▶ [DATA SHOWN]:
☆ ☆ ☆ ☆
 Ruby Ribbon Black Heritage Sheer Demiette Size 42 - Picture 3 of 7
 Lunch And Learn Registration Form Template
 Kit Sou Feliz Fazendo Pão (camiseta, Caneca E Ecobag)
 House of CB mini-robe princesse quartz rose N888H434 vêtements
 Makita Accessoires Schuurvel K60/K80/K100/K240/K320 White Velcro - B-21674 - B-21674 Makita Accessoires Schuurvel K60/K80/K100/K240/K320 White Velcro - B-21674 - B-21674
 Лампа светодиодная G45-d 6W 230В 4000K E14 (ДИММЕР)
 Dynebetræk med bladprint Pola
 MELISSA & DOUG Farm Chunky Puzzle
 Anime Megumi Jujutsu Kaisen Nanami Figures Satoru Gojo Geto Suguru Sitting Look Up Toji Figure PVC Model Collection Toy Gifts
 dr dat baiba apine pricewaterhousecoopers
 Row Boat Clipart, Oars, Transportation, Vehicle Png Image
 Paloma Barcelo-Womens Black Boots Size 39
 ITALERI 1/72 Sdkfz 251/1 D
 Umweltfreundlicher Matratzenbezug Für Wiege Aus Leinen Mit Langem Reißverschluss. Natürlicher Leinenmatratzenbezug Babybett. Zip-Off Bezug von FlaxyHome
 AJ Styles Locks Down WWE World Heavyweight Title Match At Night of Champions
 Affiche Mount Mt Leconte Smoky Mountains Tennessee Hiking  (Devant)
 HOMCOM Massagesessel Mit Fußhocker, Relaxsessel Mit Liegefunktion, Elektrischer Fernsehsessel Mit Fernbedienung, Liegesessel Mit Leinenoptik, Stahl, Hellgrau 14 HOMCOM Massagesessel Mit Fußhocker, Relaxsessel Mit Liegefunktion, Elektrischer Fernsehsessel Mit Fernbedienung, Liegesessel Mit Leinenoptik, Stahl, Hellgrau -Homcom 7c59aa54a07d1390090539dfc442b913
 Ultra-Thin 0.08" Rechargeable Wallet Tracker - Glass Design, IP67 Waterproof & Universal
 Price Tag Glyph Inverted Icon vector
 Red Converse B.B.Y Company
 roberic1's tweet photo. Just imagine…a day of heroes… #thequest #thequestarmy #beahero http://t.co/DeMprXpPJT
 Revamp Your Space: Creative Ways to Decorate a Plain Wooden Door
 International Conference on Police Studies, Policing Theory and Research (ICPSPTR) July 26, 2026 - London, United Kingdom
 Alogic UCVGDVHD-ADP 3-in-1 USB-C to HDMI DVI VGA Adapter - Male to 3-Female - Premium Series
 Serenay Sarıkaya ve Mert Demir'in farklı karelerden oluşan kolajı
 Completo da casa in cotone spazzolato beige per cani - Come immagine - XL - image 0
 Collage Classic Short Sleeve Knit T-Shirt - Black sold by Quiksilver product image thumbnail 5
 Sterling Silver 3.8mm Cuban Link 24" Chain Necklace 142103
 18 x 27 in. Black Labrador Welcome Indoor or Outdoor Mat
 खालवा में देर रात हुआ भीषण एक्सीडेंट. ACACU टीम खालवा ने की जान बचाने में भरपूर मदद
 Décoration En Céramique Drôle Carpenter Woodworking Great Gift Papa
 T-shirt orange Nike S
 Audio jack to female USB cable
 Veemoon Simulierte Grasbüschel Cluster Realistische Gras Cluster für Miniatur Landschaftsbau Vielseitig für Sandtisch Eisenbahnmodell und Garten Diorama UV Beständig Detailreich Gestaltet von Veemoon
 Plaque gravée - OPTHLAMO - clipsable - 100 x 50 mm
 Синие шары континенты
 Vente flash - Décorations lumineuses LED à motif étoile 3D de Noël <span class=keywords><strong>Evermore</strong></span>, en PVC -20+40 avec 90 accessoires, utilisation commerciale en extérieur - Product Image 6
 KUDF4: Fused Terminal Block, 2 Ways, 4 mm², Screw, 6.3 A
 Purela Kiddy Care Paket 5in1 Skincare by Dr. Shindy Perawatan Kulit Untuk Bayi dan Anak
☆ ☆ ☆ ☆
▶ [ABOUT THIS TASK]:
From the records above, pick out and copy each line holding the word "Size".

▶ [ANSWER TO THE PROBLEM]:
 Ruby Ribbon Black Heritage Sheer Demiette Size 42 - Picture 3 of 7
 Paloma Barcelo-Womens Black Boots Size 39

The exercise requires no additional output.